Lecce e
Frosinone, di nuovo di fronte. Questa volta, però, la sfida (doppia) è
decisiva. Alla quale la gente di Lerda non arriva con la lucidità dei giorni
migliori. Eppure, essere in fondo alla strada è un distintivo di merito,
considerate le premesse. I ciociari, intanto, si prendono i favori del
pronostico e si presentano davanti al traguardo più tonici. Meglio strutturati.
La finale dei playoff è una storia che, tuttavia, la formazione salentina
sembra poter scalare: passando a condurre il match di andata, in Puglia (finirà
uno a uno) e pure quello di ritorno (i laziali si impongono tre a uno,
conquistando la B).
Alla distanza, cioè, il Frosinone si fa preferire: per la migliore gestione
delle situazioni, per la preferibile condizione mentale e per un miglior
approccio con le tensioni tipiche di un incontro così delicato. Il Lecce,
invece, si perde troppo presto: sull’erba di via del Mare come al Matusa. Dove finisce il match in
inferiorità numerica. E dove, dopo il novantesimo, si lascia tradire dalla
rabbia e dalla frustrazione. Onestamente, l’avversario produce di meglio e di
più. E, nell’arco delle due partite, legittima la propria superiorità. La
botta, così, è ancora più dura. Soprattutto in prospettiva futura. Dunque: il
Lecce fallisce la promozione per la seconda volta di seguito. Scoprendo quanto
è arduo risalire. E quanto è scomodo combattere con il dovere di imporsi.
Aprendo, in un certo senso, una crisi tecnica e societaria. Mancati introiti a
parte, la famiglia Tesoro dovrà, per esempio, cominciare a mettere in conto il peso di
qualche vecchia critica sopita che, vedrete, affiorerà nuovamente. E a
considerare il malcontento della piazza. Badando, contemporaneamente, a
rifondare l’organico. Che, tra partenze scontate oppure no (Miccoli sta
salutando, altri hanno ragionevolmente concluso l’avventura) e pedine da
restituire al mittente, dovrà necessariamente essere rivisitato con
intelligenza e perizia. Non sarà un’estate semplice, per capirci. Occorreranno
scelte nette, convincenti.

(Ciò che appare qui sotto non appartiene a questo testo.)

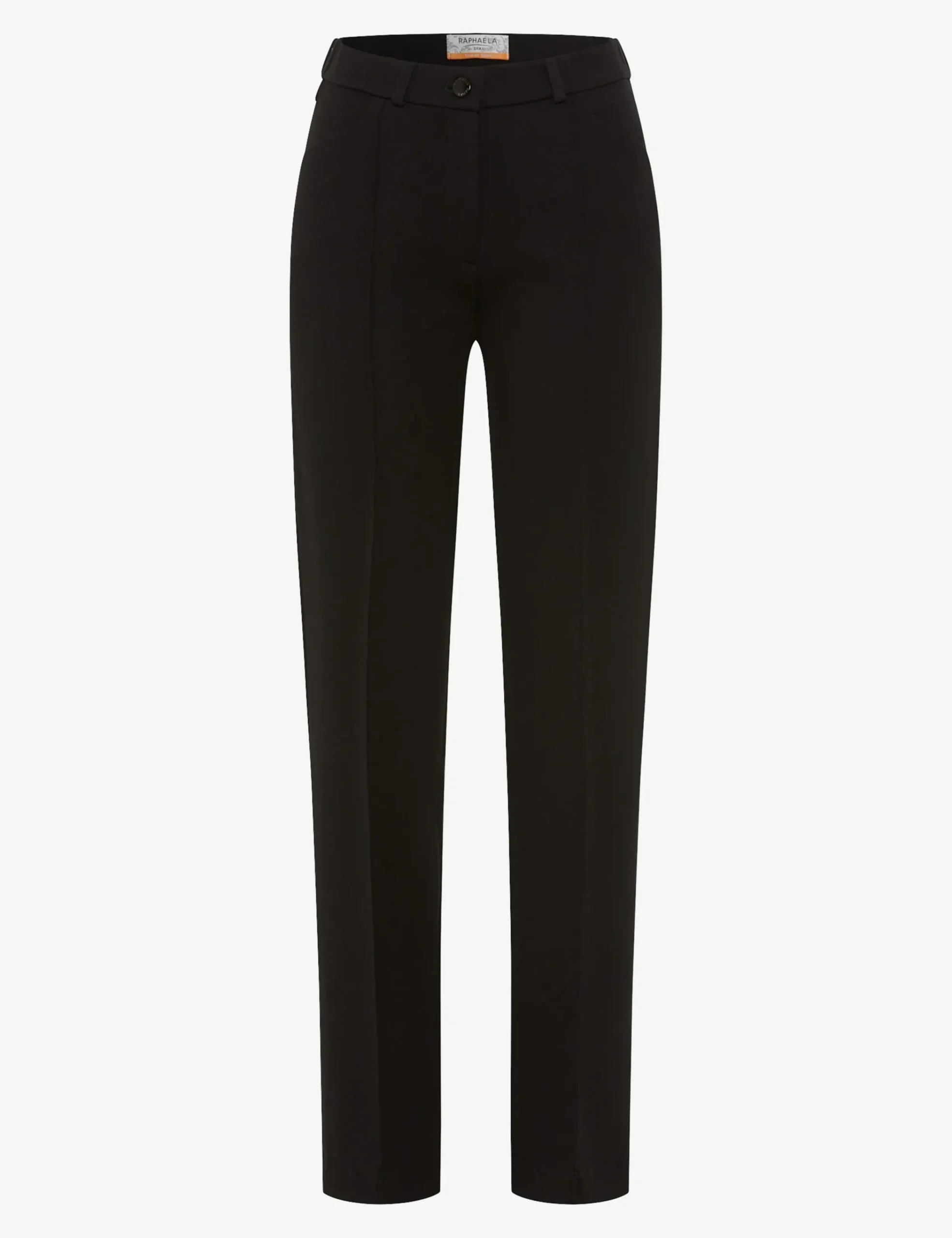 Hosen-BRAX Style LORELLA STRAIGHT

In tempi brevi, ovviamente. Senza contare che andrà
risolto velocemente anche il problema legato alla panchina: Lerda potrebbe
rimanere, ma la conferma non sembra, al momento, neppure automatica. Ma,
innanzi tutto, si sta creando attorno al Lecce una certa atmosfera di
prostrazione, di pessimismo. La risalita, creduta un atto dovuto o una pura
formalità, rischia di diventare un gioco perverso, una maledizione. E Lecce, ormai
disabituata alle logiche della terza serie, rischia di perdersi dietro la
delusione, attorno alle difficoltà che pochi avevano previsto. O che tanti
avevano trovato normale evitare.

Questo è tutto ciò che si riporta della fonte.